Y en eso se quedará, en una gran función a mayor gloria del share que miraremos en la pantalla como cualquier otra serie de consumo. ¿Ficción, realidad? Tanto da. Dejémoslo en entretenimiento. Lo de menos es el pufo descomunal perpetrado -presuntamente, vale- por los glamurosos reos o el descorazonador retrato de la política que hay debajo.
La corrupción en los partidos es muy mediática, pero nada más. Los escandalosos titulares provocan respingos sin excesiva convicción, alguna que otra conversación de barra de bar o máquina de café -¡Qué sinvergüenzas, hay que ver!- y, en el fondo, mucha indiferencia. Ni un solo voto se pierde por el camino y no son raros los casos en los que un curioso efecto boomerang hace que los envueltos en marrones pasen de mayoría simple a absoluta, de caciquillos a cacicazos, con la bendición del pueblo soberano.
La conciencia tranquila
Gürtel, Miñano, Pretoria, Osatek… no pasan de ser nombres más o menos afortunados para mantener en marcha el carrusel informativo. En las ejecutivas se saben de memoria el protocolo establecido cuando el dedo señala a alguno de los suyos: un buen “Y tú más”, de saque, acompañado por la jaculatoria “Será la Justicia quien decida” y un irrintzi clamando por la presunción de inocencia. Si el micrófono llega a los directamente afectados, indefectiblemente escucharemos un “Tengo la conciencia muy tranquila” o, en el caso de los más audaces, “Estoy deseando que me llamen a declarar”. Luego, claro, se mueve Roma con Santiago para impedir la comisión parlamentaria correspondiente, que tampoco es cuestión de darle tres cuartos al pregonero.

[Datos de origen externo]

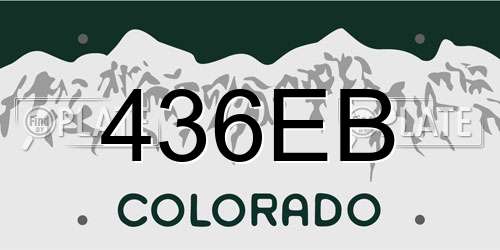 436EB Colorado License Plate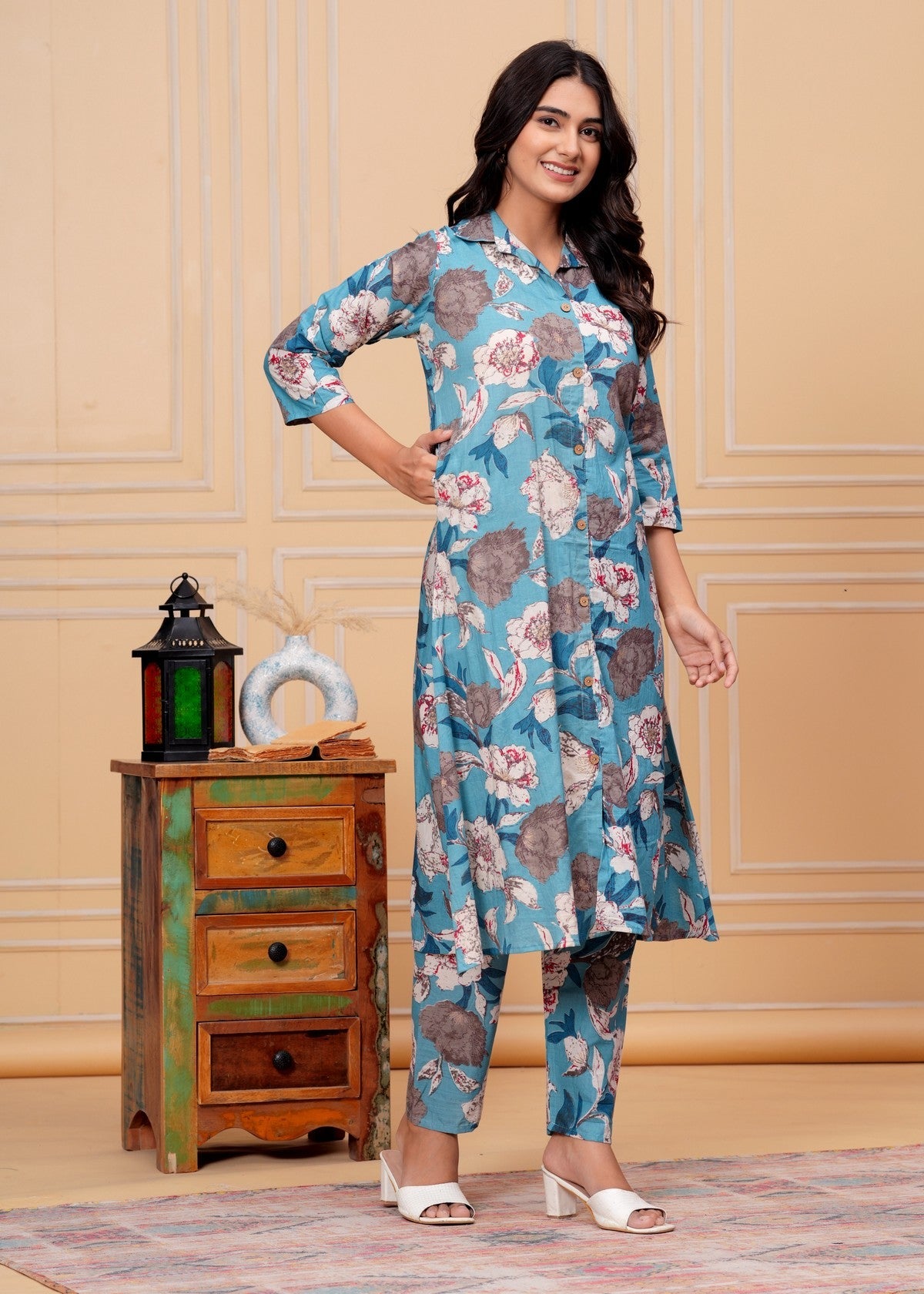 Women’s Teal Blue Floral Printed Co-ord Set Akrish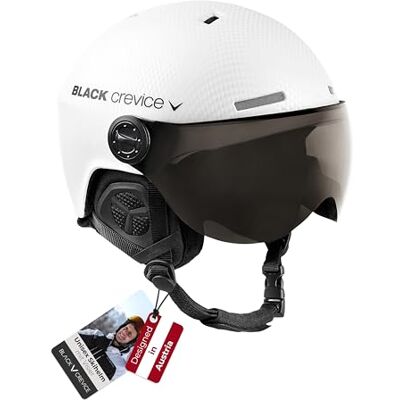Black Crevice Skihelm Gstaad Mit Visier im Pilotenstyle für Herren & Damen Aus Polycarbonat Atmungsaktiv Größenverstellbar Black Crevice Skihelm Gstaad Mit Visier im Pilotenstyle für Herren & Damen Aus Polycarbonat Atmungsaktiv Größenverstellbar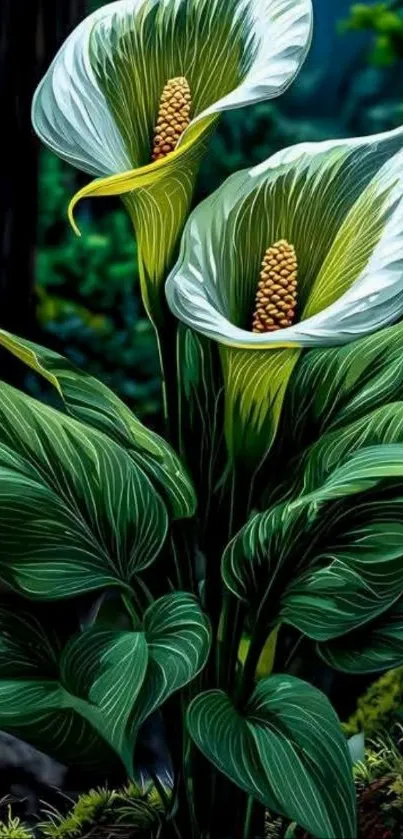 Elegant calla lily with lush green leaves wallpaper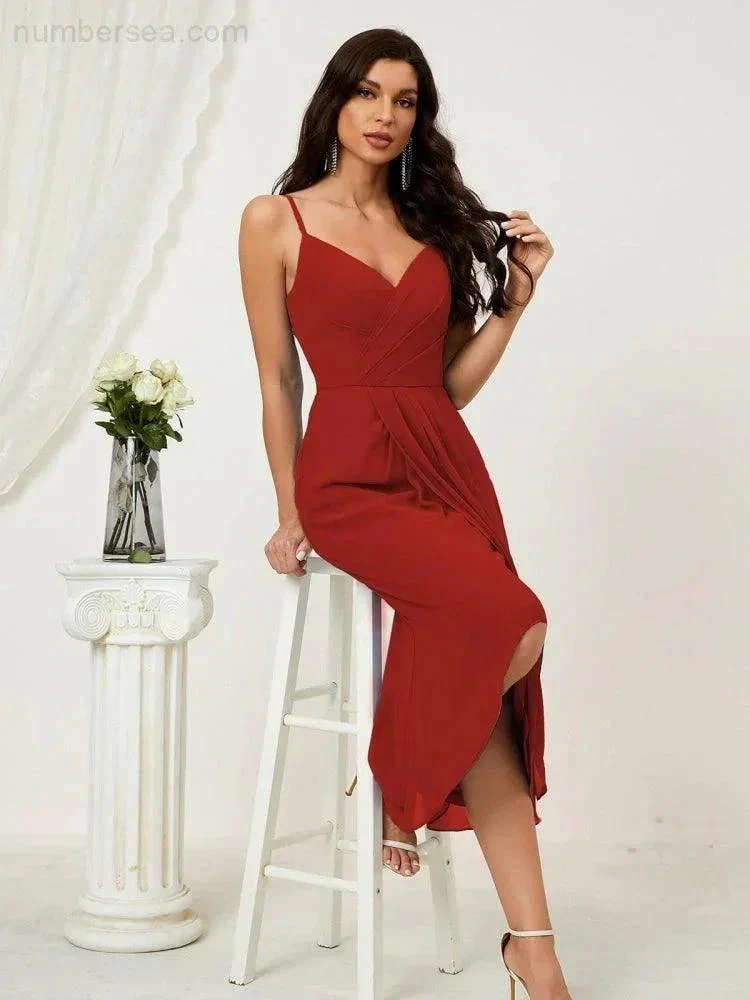Numbersea Spaghetti Chiffon V Neck Bridesmaid Dress Mid-Length Slit Formal Prom Dress Homecoming Dress 2803 - Image 148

Me temo que no queda otra que resignarse a la repetición de este ritual. Mientras no haya riesgo de recibir un buen mordisco en las urnas, los partidos no van a mover un dedo para limpiar sus bodegas de arribistas y chanchulleros. Los dejarán medrar a su antojo y hasta tirarán de ellos cuando necesiten -que será más de una vez- de alguien que sepa moverse por las alcantarillas del sistema. Si acaba cayendo el foco sobre los contratos a los amigos o las recalificaciones engrasadas, ocurrirá lo de siempre: nada.
Carece de lógica que la ciudadanía no exija a sus políticos honradez y transparencia. La sucesión de pequeñas corruptelas, porque salvo un par de casos, no son de verdad relevantes, lo que supone es el desenganche con la política y al final hace votantes más maleables.